*** TASK MATERIAL ***

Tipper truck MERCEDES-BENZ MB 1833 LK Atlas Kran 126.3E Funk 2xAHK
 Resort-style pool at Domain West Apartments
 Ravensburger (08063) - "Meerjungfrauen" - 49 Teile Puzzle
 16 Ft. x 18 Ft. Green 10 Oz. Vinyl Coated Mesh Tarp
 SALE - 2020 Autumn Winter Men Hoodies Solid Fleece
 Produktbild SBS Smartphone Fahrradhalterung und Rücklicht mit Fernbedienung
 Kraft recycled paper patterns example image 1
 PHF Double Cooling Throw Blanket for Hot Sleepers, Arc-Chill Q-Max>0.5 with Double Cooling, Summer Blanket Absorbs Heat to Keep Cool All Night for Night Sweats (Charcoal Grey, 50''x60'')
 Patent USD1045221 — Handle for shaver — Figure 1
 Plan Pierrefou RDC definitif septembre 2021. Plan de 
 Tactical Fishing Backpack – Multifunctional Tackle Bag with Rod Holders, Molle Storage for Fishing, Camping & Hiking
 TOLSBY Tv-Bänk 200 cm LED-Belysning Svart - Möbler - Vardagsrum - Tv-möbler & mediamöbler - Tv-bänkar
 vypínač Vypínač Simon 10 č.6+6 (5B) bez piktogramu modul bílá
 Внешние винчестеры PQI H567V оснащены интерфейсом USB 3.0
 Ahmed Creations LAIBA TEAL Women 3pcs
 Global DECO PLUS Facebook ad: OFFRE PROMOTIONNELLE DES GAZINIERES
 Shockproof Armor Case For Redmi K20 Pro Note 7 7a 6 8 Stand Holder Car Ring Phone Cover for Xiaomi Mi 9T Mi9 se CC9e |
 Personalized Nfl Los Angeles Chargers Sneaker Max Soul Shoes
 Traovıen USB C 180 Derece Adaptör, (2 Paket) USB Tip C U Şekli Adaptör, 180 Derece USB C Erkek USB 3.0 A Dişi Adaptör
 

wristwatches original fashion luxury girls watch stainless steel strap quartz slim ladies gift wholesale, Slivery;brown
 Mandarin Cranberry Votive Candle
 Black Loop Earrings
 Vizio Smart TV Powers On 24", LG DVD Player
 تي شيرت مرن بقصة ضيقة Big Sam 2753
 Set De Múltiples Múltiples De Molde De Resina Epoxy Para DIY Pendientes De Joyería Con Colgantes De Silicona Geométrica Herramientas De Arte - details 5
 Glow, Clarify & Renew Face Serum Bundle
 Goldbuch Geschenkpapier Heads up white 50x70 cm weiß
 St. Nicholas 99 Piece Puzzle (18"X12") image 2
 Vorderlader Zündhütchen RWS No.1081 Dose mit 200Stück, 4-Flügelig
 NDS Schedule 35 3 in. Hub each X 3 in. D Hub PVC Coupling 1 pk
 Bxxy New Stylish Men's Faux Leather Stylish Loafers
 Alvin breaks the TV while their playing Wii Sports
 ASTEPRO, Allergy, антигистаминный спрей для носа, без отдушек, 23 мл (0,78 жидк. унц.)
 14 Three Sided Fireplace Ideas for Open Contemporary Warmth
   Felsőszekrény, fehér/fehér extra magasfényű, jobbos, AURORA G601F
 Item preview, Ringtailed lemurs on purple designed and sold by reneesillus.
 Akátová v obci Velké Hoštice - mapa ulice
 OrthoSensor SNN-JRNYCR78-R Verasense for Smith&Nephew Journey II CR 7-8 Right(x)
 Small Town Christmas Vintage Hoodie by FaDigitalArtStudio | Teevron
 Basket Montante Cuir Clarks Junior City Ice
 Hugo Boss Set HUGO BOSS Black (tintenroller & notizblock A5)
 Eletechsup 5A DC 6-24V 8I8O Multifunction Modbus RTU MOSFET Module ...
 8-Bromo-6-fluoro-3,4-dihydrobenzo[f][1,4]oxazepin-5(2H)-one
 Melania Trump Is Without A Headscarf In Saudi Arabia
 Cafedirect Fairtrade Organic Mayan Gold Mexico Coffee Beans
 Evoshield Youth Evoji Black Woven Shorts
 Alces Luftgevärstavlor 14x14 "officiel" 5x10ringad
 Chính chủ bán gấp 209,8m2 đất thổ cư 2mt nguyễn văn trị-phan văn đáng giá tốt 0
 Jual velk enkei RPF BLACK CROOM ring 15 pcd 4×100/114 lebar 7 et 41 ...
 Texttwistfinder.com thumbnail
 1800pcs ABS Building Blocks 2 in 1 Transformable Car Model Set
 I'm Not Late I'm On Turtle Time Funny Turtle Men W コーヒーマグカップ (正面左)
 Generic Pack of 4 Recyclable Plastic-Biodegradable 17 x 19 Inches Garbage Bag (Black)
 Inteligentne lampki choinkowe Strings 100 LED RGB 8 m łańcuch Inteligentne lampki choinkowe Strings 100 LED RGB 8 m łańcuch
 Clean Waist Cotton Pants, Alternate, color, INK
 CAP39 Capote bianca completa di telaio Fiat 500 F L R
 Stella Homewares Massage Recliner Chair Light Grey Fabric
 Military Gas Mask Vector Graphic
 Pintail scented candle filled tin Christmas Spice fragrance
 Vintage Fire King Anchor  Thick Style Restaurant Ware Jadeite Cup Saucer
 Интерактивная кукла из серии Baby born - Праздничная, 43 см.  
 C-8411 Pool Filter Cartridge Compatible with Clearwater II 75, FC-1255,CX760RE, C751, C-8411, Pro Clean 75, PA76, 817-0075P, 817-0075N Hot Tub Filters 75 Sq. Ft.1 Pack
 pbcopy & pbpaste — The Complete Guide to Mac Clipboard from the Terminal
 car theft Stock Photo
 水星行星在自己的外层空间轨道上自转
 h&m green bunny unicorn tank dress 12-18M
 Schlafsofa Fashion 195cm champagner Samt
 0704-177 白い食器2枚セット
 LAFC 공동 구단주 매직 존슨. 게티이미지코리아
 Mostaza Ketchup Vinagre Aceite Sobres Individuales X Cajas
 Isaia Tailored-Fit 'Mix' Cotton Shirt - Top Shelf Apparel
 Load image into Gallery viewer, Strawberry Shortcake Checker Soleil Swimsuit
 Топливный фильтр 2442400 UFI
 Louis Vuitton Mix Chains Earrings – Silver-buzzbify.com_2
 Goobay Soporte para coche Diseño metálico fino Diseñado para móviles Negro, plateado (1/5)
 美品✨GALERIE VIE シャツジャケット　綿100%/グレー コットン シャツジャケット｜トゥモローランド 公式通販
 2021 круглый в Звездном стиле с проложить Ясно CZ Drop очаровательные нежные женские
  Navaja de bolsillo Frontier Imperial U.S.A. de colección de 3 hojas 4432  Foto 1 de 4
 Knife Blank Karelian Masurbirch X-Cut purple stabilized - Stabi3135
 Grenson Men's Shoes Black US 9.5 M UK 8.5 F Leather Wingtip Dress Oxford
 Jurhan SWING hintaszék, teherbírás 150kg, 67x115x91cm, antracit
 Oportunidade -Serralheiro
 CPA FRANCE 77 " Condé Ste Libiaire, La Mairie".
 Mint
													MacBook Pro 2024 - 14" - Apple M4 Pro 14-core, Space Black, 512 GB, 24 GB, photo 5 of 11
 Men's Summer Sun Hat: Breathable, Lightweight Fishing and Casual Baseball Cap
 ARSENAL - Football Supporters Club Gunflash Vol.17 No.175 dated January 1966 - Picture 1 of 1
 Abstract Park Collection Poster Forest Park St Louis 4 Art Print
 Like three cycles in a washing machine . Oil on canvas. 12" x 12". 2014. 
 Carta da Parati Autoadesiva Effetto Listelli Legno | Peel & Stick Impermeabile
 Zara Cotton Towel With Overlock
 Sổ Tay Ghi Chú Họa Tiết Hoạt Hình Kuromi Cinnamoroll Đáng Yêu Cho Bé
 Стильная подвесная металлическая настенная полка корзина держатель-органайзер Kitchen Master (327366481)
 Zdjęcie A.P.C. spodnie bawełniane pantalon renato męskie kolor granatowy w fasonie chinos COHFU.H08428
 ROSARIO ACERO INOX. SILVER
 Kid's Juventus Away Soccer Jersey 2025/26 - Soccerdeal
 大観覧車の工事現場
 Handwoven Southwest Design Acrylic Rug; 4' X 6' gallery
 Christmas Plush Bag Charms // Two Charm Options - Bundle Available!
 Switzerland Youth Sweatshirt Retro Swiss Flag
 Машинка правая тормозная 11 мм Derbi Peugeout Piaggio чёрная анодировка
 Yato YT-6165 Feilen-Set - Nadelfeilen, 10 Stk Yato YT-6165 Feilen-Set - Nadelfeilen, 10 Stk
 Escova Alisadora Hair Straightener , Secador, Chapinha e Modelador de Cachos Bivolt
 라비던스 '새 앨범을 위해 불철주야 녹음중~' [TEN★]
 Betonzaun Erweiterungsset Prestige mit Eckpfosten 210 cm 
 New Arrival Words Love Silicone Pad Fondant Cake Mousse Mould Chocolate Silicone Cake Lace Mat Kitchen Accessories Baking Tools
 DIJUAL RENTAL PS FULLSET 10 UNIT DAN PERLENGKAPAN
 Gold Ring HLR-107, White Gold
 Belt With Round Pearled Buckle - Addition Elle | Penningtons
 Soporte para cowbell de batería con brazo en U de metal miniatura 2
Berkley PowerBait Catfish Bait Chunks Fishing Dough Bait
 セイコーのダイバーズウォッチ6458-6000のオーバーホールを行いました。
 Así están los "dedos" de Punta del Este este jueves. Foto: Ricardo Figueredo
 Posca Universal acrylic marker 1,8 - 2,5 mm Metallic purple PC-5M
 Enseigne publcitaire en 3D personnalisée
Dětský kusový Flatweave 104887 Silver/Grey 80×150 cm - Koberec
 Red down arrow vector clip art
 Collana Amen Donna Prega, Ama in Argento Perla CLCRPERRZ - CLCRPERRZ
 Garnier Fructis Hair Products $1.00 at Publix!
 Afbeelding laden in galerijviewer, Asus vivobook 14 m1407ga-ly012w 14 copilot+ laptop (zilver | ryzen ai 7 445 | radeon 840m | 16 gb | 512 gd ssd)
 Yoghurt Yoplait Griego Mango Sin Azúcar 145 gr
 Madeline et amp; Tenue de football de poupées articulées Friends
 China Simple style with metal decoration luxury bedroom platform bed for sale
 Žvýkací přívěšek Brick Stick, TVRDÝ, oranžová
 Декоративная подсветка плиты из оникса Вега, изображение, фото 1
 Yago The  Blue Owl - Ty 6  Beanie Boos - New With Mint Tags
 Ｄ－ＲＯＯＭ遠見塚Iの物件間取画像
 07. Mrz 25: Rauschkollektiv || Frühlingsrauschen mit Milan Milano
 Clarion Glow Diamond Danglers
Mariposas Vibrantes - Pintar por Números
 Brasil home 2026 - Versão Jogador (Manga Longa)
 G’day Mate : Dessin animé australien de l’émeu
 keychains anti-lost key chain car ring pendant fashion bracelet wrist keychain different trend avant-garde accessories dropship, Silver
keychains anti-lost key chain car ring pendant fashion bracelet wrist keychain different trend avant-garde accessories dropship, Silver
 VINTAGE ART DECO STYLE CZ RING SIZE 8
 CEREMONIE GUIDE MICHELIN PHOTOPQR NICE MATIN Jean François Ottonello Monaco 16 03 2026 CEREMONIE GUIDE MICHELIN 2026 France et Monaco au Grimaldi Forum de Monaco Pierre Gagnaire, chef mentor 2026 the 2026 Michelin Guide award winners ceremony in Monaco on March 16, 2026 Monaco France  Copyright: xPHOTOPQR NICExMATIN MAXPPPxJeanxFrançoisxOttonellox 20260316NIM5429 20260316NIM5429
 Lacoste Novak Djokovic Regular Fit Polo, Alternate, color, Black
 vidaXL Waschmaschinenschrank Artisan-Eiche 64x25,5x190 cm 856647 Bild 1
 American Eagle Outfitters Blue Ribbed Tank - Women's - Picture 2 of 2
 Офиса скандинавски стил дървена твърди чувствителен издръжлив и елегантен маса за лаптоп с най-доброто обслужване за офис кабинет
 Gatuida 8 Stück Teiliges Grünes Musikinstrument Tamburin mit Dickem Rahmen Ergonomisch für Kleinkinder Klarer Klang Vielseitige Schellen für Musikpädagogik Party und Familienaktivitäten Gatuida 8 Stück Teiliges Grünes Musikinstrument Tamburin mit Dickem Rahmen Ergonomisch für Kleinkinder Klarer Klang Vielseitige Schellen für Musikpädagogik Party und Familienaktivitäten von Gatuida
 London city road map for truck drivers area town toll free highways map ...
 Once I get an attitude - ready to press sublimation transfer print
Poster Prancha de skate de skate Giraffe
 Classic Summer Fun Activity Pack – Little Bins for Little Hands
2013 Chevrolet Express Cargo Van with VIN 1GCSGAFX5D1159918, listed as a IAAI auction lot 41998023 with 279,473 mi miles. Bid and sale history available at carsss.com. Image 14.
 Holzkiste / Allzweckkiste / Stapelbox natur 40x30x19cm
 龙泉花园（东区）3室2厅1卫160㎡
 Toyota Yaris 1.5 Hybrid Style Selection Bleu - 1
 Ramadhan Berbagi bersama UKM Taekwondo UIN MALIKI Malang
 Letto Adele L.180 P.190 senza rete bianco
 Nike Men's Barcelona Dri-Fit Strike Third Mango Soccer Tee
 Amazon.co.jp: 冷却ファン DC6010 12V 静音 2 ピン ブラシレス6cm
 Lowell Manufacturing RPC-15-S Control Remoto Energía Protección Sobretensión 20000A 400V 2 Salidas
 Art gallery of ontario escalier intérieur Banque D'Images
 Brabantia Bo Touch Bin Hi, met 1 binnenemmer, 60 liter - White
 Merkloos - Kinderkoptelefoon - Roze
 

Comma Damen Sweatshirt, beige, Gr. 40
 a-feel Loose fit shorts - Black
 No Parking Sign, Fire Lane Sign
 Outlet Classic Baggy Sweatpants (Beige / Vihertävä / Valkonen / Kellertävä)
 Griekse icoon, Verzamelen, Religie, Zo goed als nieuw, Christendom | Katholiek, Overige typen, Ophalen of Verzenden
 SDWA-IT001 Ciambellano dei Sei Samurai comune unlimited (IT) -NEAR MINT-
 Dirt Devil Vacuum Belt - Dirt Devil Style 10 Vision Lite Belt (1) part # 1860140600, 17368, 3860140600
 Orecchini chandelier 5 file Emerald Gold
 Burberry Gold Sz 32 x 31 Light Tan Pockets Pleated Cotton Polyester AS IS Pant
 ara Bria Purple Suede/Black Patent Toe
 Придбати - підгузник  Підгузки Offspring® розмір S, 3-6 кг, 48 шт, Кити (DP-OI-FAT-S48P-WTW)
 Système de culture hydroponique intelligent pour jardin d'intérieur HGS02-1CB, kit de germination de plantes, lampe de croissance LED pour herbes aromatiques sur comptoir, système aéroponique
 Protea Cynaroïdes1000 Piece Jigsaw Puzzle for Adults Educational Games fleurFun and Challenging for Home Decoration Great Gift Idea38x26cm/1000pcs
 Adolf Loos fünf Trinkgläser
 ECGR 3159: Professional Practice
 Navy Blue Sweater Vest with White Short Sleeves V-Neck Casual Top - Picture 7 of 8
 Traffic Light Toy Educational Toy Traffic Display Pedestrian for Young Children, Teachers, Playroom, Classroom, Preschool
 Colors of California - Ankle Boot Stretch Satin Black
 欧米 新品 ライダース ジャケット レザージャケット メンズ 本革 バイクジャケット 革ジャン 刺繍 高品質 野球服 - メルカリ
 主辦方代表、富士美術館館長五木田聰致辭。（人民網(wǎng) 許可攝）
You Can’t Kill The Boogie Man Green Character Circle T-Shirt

***

Only one number is expected: the count of lines in the entries holding the string "Picture".

◆ **EXPECTED OUTPUT**
3